We study pedestrian dynamics using Kalman filtering methods. Kalman filters apply the Bayesian approach to a time series and incorporate the uncertainty in both the measurement and the mathematical model to create a better state estimate of a system, and are commonly used to reduce error in state estimates for applications ranging from radar systems to GPS.
Our goal is to combine a Kalman filter and the Kuhn-Munkres algorithm to not only predict the locations of the pedestrians but also reconstruct their walking path trajectories. We first worked on the linear system of stochastic differential equations to model undisturbed pedestrian dynamics, which is motivated by the work from Corbetta et al. The model uses Langevin equations to describe the Brownian motion-like perturbations in pedestrian trajectories. We utilize the data collected over one year from the Eindhoven University of Technology MetaForum building. While our measurement data are recorded with relatively high frequency and low noise, we also investigate the effect of reduced data quality by downsampling our data set.

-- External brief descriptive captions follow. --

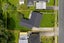 34 Williams Crescent, Otara, Manukau City, Auckland - Carousel 3
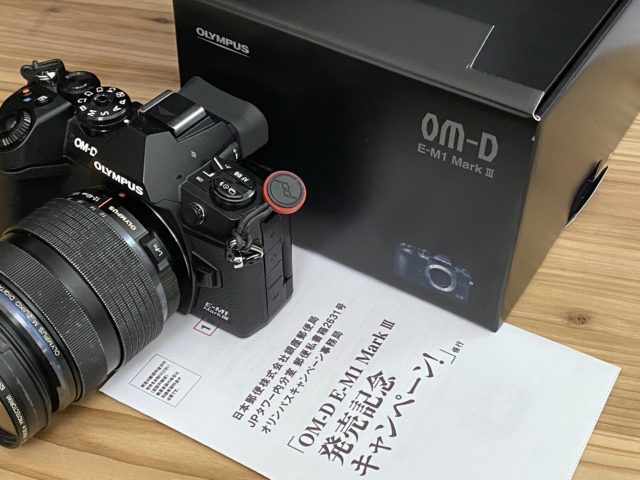 OLYMPUS E-620 ED12-60 レンズ4本 ジャンク扱い - デジタルカメラ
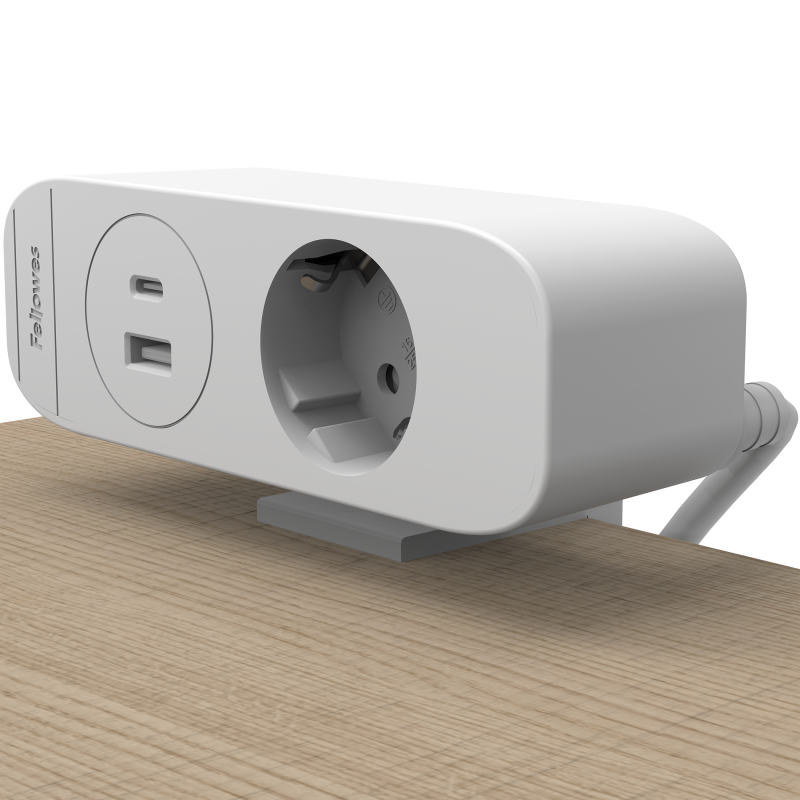 100139668_deskup3_F_1x230-AC-WHT-Desktop-Horizontal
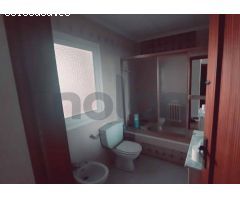 Adosado, 3 Habitaciones, 193 m2  Villacanas, Toledo
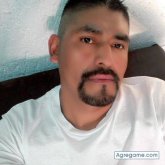 Octaviopalacios chico soltero en Tekit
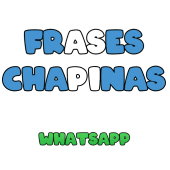 Stickers Chapines para Whatsapp (Frases Chapinas) . APKs -   APK Download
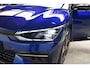Kia EV6 77,4kWh 325pk AWD GT-Line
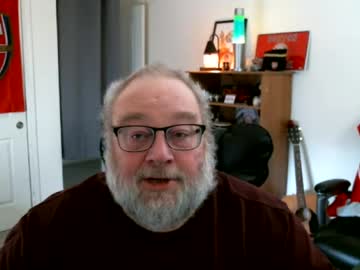 Turd Ferguson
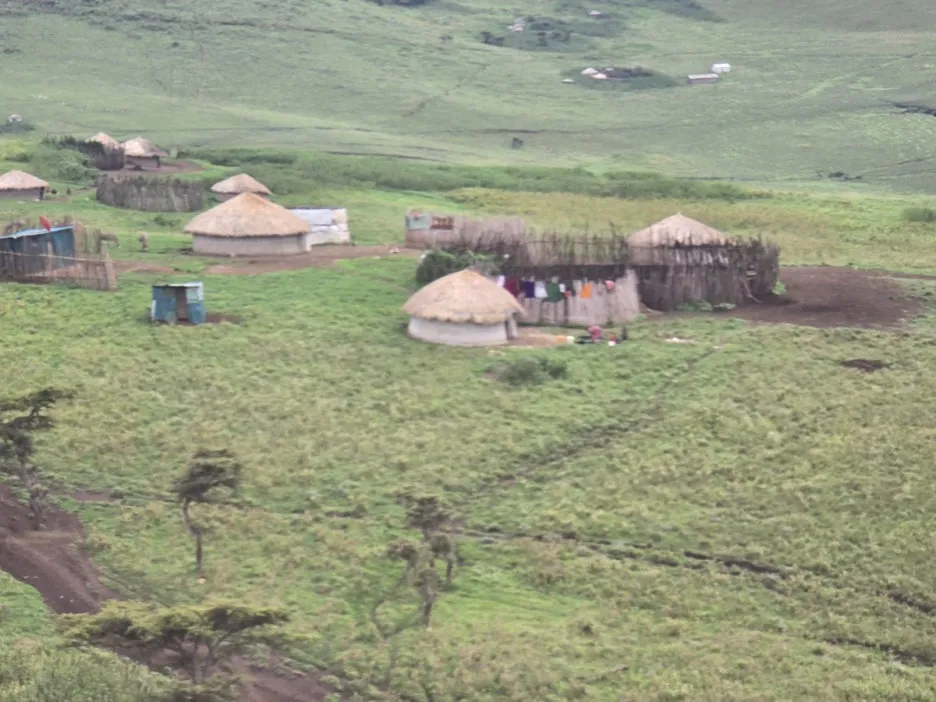 KakaoTalk_20250405_153555823_01.jpg?type=w1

In the next step, we extend our study to a pedestrian model similar to the social force model described by Helbing et al. which includes pedestrian avoidance behavior on a second data set, the Eindhoven train station. The data set contains pedestrian data for different crowd densities and includes more interactions among pedestrians.
We find that using a Kalman filter improved results for both data sets, especially for connecting trajectories when more pedestrians are present. Using the pedestrian model with avoidance versus without avoidance showed no improvement.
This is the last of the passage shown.